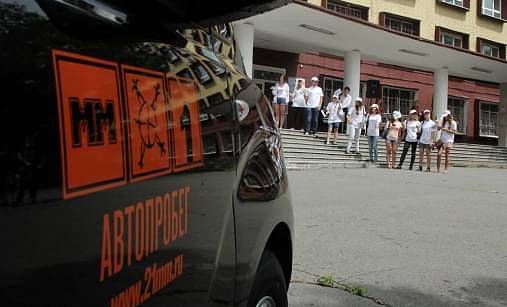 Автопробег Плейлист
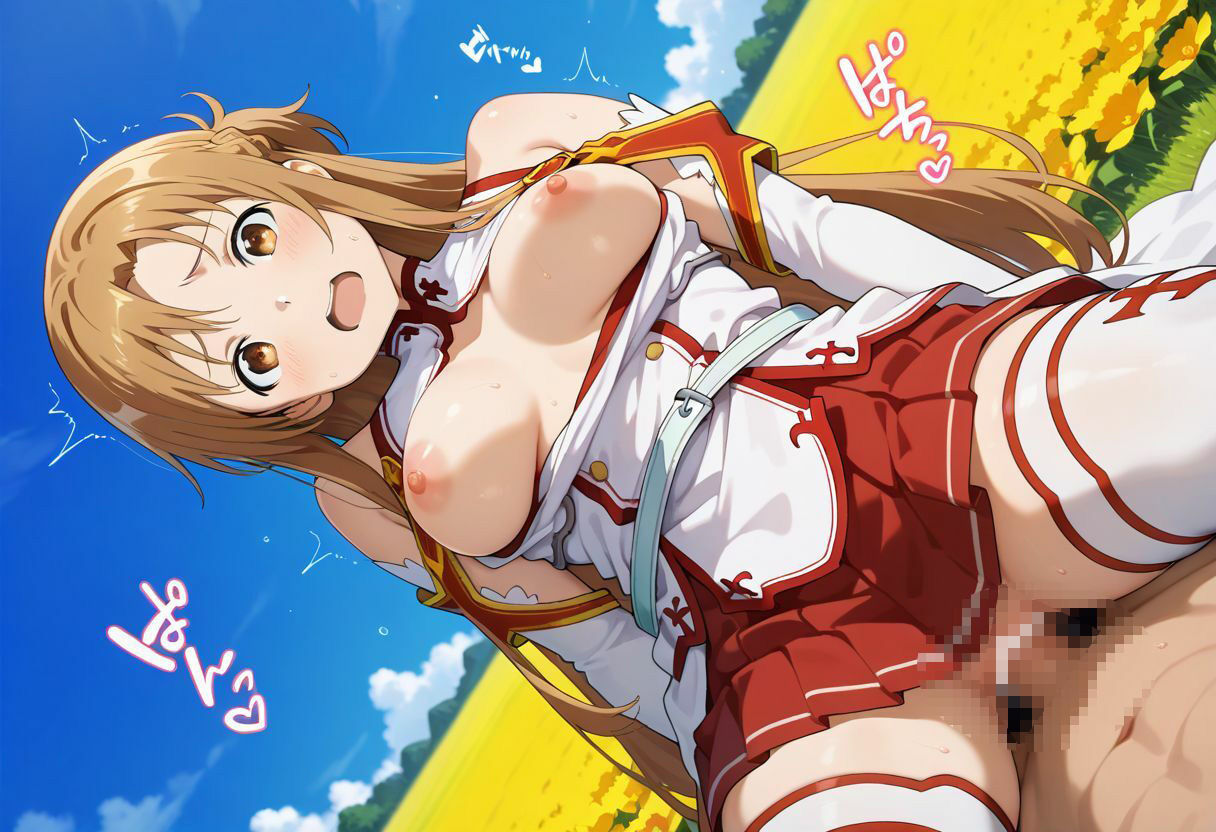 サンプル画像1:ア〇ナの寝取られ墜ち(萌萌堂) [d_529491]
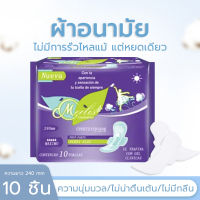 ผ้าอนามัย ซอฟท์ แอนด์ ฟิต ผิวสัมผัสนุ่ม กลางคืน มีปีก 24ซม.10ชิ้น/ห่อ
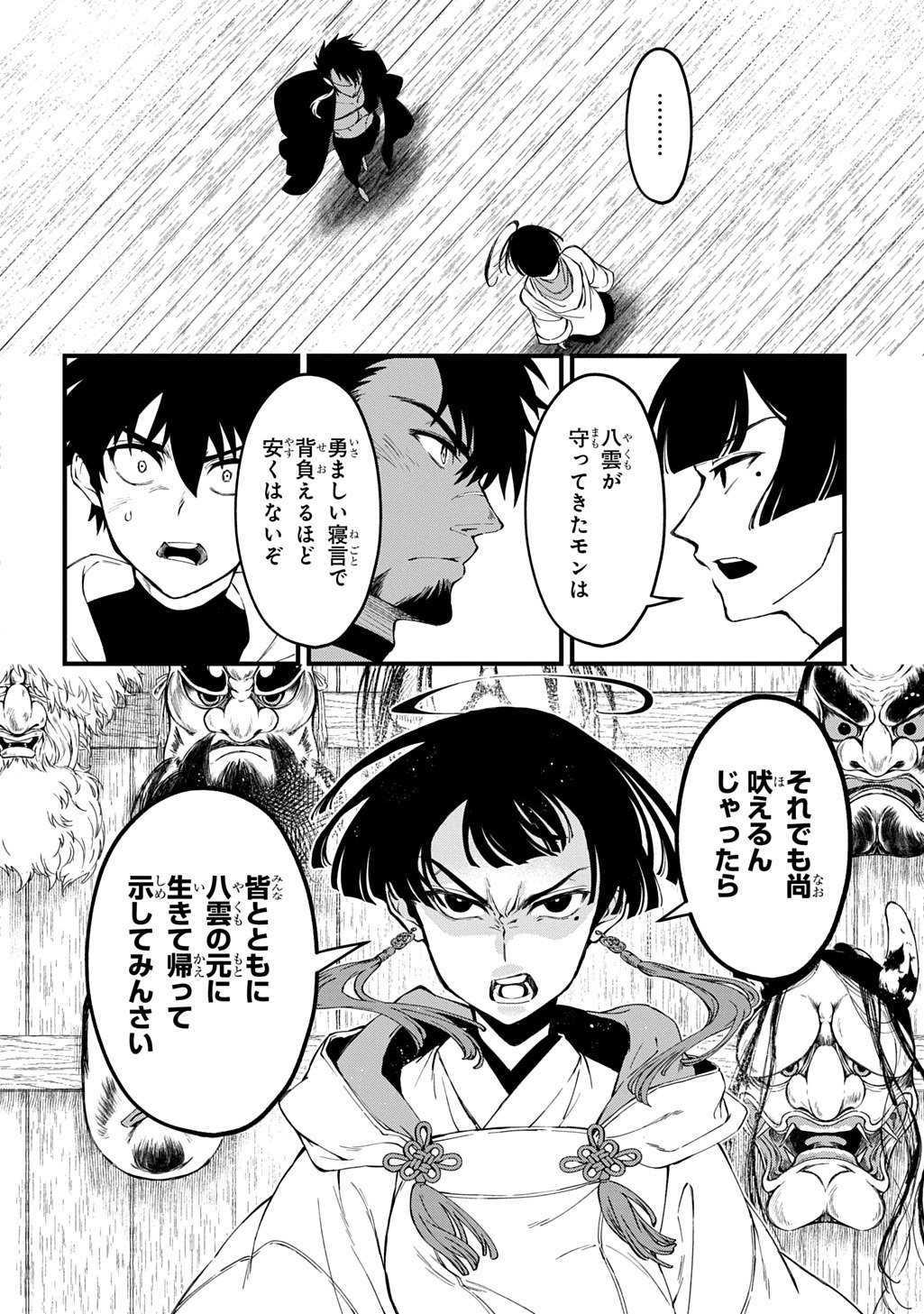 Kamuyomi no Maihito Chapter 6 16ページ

### PROBLEM
The lines from the one containing "ผ้าอนามัย ซอฟท์ แอนด์" through the last line of the data above are to be transcribed exactly, both included, with all pictures left out.

### REPLY
 ผ้าอนามัย ซอฟท์ แอนด์ ฟิต ผิวสัมผัสนุ่ม กลางคืน มีปีก 24ซม.10ชิ้น/ห่อ
 Kamuyomi no Maihito Chapter 6 16ページ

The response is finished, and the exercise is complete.